== INPUT FOR THIS TASK

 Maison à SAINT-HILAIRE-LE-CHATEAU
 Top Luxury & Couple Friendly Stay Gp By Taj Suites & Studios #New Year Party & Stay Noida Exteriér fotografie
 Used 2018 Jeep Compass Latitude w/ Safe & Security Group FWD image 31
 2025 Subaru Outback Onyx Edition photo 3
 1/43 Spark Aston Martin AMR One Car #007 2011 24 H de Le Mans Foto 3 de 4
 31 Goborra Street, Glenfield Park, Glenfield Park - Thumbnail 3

====
== INPUT FOR THIS TASK

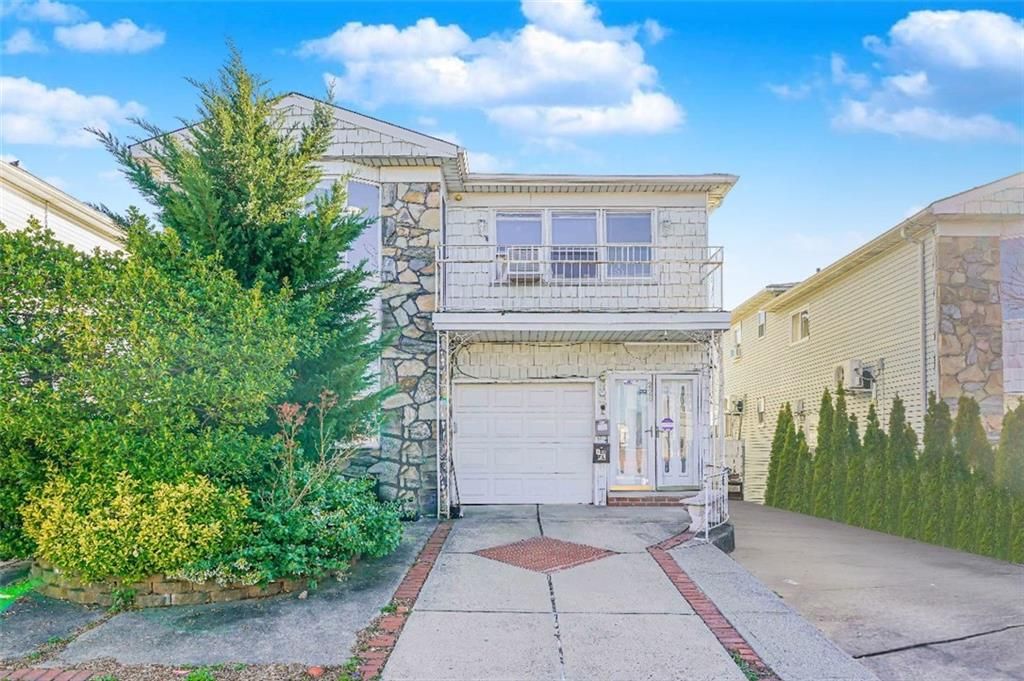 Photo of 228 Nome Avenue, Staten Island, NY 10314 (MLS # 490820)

====
== INPUT FOR THIS TASK

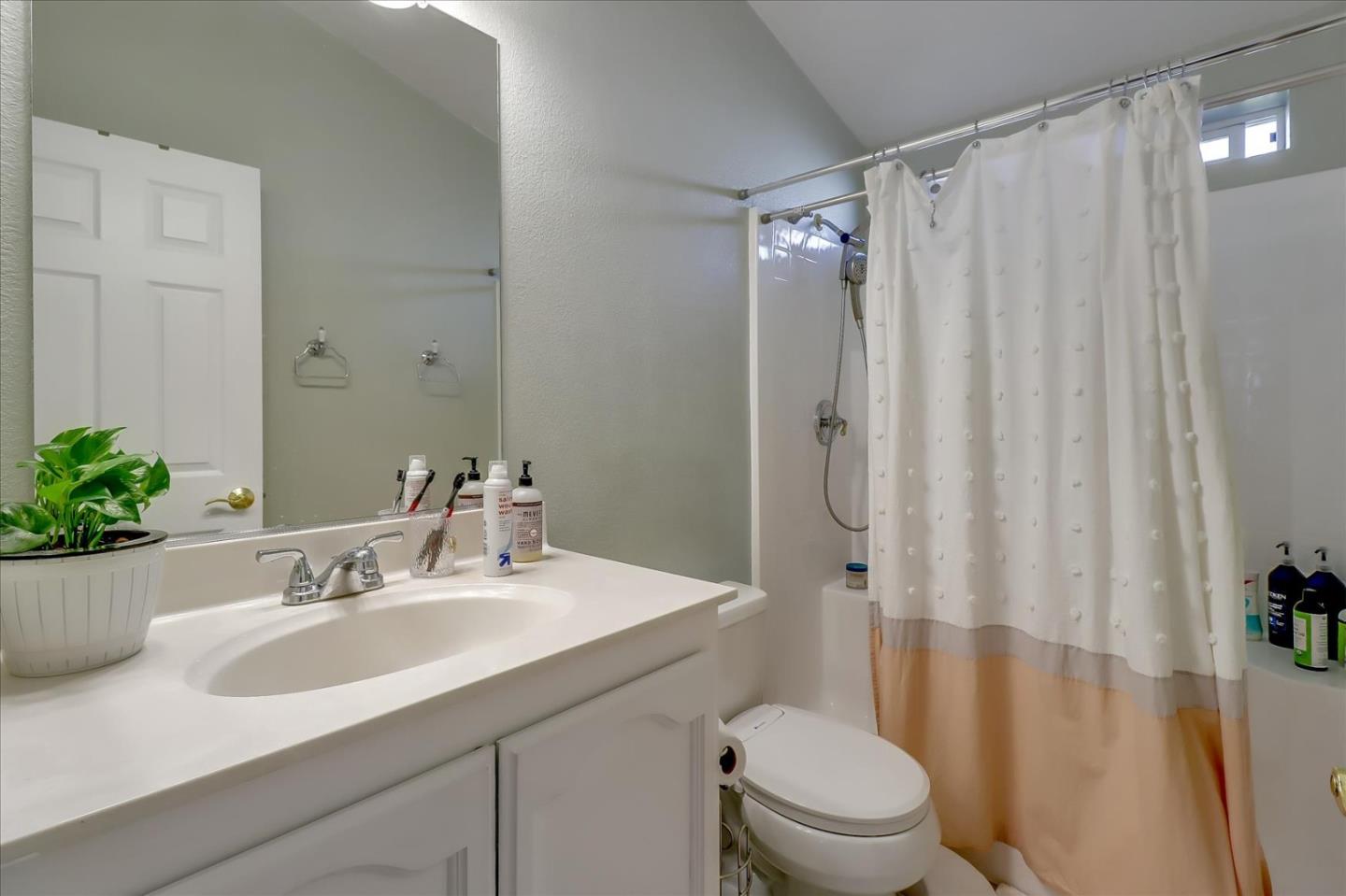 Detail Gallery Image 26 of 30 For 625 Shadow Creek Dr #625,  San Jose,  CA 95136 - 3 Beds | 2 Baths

====

-- WORK ORDER --
Extract the lines of the preceding material that run from the line with "Used 2018 Jeep" through the line with "31 Goborra Street, Glenfield", inclusive, reproducing them exactly and adding nothing.

-- RESULT OF THIS TASK --
 Used 2018 Jeep Compass Latitude w/ Safe & Security Group FWD image 31
 2025 Subaru Outback Onyx Edition photo 3
 1/43 Spark Aston Martin AMR One Car #007 2011 24 H de Le Mans Foto 3 de 4
 31 Goborra Street, Glenfield Park, Glenfield Park - Thumbnail 3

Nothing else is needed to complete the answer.